It's one of the toughest questions investors must ask themselves over and over again: Do I accept higher risks for the bigger rewards that only individual stocks can offer, or do I seek the safety in numbers with mutual funds or exchange-traded funds, knowing that could crimp my overall return?
Plenty of people take the former route, and understandably so. Much of the financial-media machine makes it easy to fall in love with individual stocks by virtue of touting high-potential stock stories. ETFs and mutual funds, on the other hand, neither make for great news nor bring massive gains to the table.
In other words, funds are not only relatively boring but seemingly not the most productive path to wealth.
Don't be fooled, though. You can become a millionaire by investing in ETFs just as well as you can by owning individual stocks. In fact, you could do even better by limiting yourself to exchange-traded funds. The trick is simply leaving them alone long enough to let them simmer.
Time and consistency are the keys
What does it take to become a self-made millionaire? Not as much money as you might think. But it does require a fair amount of time and a massive amount of self-discipline. More specifically, an investor needs enough self-discipline to continue putting money into the market even when it's tough to do so (including when the market is tanking).
To illustrate this point, let's look at a hypothetical investor named Jill.
Jill is 30 years old, earning an average income of $36,000 per year. She knows a little about the market, including the fact it's the only long-term way to outgrow inflation.
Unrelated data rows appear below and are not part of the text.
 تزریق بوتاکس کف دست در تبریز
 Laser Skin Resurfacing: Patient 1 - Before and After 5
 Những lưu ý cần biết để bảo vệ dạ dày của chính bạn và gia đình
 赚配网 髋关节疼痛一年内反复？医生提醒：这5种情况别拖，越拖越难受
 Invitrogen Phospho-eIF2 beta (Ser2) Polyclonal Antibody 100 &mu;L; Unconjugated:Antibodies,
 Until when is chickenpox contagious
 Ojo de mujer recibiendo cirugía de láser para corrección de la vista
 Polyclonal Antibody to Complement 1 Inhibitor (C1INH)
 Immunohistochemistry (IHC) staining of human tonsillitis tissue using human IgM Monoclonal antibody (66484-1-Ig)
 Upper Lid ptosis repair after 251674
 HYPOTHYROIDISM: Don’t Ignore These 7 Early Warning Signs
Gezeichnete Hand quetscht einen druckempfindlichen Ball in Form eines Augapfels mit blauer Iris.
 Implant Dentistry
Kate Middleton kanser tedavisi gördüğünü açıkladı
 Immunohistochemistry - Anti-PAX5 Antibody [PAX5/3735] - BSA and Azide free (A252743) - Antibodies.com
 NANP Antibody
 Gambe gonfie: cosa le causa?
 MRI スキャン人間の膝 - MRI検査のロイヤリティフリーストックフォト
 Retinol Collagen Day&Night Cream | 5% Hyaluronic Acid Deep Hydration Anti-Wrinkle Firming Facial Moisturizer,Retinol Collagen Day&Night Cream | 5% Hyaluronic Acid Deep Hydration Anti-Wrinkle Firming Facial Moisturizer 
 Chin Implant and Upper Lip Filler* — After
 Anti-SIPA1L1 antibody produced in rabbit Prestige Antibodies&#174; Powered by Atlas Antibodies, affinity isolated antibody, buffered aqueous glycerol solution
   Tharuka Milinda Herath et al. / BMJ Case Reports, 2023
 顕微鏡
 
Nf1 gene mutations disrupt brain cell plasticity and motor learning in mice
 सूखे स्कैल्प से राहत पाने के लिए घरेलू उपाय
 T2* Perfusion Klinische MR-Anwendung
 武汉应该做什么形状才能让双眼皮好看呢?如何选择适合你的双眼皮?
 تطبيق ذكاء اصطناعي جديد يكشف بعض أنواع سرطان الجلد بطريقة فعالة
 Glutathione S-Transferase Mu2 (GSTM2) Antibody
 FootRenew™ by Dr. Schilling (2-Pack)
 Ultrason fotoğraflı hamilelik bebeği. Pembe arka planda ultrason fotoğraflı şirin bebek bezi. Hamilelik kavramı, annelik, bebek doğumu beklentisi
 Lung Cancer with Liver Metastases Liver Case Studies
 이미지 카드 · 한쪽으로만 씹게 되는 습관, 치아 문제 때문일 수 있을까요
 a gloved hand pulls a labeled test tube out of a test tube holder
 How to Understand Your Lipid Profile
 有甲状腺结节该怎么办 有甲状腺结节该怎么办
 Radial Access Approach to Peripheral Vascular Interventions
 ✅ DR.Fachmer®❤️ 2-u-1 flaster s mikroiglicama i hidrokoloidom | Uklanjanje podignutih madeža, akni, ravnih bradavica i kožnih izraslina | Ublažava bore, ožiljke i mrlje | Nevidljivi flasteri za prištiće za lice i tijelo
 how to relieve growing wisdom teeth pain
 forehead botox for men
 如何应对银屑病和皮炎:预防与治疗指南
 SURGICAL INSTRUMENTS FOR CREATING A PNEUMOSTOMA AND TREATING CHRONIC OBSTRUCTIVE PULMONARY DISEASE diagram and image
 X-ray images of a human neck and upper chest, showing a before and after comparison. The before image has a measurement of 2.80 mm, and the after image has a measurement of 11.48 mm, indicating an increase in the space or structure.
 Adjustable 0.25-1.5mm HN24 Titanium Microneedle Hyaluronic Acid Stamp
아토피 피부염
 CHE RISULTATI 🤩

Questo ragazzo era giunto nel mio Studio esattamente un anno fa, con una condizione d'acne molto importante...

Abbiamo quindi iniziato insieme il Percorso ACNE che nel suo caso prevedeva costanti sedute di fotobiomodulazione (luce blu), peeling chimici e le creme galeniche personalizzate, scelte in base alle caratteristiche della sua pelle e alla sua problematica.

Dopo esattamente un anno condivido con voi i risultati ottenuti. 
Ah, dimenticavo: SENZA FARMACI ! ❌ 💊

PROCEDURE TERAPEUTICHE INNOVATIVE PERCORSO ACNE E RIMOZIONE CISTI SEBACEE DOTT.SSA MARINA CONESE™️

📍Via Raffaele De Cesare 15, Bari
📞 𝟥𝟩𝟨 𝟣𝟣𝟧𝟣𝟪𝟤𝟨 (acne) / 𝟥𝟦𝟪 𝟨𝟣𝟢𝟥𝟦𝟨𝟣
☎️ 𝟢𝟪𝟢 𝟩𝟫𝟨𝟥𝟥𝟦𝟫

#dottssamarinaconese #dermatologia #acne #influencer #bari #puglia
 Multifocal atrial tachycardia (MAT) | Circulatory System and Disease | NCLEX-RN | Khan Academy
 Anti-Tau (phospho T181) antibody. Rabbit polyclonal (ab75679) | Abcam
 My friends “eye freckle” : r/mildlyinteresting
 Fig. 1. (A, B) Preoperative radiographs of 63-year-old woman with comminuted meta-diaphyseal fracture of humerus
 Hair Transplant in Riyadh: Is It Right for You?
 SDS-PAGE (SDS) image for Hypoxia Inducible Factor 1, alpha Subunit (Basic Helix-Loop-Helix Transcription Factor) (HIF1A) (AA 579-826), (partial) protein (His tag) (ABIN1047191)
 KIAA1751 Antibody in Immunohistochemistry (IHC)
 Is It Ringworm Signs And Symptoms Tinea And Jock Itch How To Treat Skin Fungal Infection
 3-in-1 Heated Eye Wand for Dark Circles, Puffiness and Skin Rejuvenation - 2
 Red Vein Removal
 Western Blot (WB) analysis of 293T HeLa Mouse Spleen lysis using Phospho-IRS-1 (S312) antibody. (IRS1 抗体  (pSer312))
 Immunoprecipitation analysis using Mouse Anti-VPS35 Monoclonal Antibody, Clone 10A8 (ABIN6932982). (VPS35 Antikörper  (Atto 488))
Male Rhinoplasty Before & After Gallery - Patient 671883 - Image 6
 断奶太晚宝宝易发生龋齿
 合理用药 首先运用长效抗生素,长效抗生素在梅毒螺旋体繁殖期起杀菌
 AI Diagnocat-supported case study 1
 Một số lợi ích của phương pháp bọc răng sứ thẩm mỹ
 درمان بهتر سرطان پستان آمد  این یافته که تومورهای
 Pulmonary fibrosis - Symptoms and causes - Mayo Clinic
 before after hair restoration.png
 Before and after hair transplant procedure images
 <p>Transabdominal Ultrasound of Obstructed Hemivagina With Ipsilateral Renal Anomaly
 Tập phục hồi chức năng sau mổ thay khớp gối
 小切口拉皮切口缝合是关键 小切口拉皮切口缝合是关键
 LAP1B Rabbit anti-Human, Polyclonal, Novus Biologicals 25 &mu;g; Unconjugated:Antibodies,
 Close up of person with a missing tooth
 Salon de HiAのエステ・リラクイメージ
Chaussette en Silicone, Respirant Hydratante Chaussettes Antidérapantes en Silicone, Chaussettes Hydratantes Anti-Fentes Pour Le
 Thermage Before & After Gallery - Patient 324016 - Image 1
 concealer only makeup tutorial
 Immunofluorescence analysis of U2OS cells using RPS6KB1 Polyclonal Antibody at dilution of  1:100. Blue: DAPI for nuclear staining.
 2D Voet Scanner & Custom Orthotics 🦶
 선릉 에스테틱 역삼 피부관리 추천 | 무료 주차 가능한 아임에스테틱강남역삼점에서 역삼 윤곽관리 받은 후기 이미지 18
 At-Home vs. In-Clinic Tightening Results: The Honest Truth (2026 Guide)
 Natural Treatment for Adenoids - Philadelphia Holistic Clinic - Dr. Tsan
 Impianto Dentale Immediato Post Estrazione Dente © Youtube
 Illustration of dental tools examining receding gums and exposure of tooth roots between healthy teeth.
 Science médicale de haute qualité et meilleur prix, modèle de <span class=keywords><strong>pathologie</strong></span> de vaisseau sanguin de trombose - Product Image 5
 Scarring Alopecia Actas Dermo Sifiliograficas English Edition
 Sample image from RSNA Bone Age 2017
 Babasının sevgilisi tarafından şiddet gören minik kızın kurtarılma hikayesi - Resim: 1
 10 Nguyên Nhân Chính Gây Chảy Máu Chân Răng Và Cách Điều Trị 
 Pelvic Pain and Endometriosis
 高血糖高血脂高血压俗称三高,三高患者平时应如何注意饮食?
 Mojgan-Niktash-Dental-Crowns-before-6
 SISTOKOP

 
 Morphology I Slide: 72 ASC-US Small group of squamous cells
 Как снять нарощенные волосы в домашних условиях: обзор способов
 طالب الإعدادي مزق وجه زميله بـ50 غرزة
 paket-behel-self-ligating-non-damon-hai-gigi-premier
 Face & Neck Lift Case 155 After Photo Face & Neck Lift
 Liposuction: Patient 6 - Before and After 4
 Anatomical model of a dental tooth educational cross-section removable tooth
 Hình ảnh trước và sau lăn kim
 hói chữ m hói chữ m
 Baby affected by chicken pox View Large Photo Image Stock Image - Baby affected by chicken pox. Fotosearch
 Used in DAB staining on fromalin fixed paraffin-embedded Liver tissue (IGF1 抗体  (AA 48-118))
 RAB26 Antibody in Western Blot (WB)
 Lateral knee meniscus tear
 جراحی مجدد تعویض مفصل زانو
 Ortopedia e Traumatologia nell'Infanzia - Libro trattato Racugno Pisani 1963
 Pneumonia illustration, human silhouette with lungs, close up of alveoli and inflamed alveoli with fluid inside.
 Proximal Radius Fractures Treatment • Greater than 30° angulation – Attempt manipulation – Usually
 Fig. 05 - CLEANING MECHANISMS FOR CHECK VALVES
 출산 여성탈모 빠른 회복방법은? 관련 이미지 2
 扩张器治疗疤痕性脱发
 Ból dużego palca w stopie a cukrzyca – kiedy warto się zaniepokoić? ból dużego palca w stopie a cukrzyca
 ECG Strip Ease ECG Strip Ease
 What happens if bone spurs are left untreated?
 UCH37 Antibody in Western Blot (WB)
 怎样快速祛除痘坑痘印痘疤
But she also knows she doesn't have the time or desire to regularly keep tabs on a portfolio. She decides to keep it simple by committing to regular purchases of the SPDR S&P 500 ETF Trust (SPY -0.48%), plugging her into the broad market's overall performance. She can scrape up an extra $4,000 per year to put toward her investment, but even though she expects to receive regular pay raises, new expenses like children and a mortgage probably won't allow for any additional investment dollars later in life. She'd like to retire at 65 with a million bucks in the bank. Can she get there?
Believe it or not, she can. Assuming an average market return of 9% for a 35-year stretch, Jill's annual investment of $4,000 should be worth roughly $940,000 by the time she turns 65. Investing the occasional bonus she gets at work would help get her over the seven-figure hump.
Surprised? Don't be. This amazing growth can be attributed more to compounding than Jill's total contributions of only $140,000. She's earning good money on money she's already earned from her investing efforts.
Had Jill been able to start at the age of 25, she could turn a more-modest annual investment of $3,000 in the ETF into $1.1 million by the time she's 65.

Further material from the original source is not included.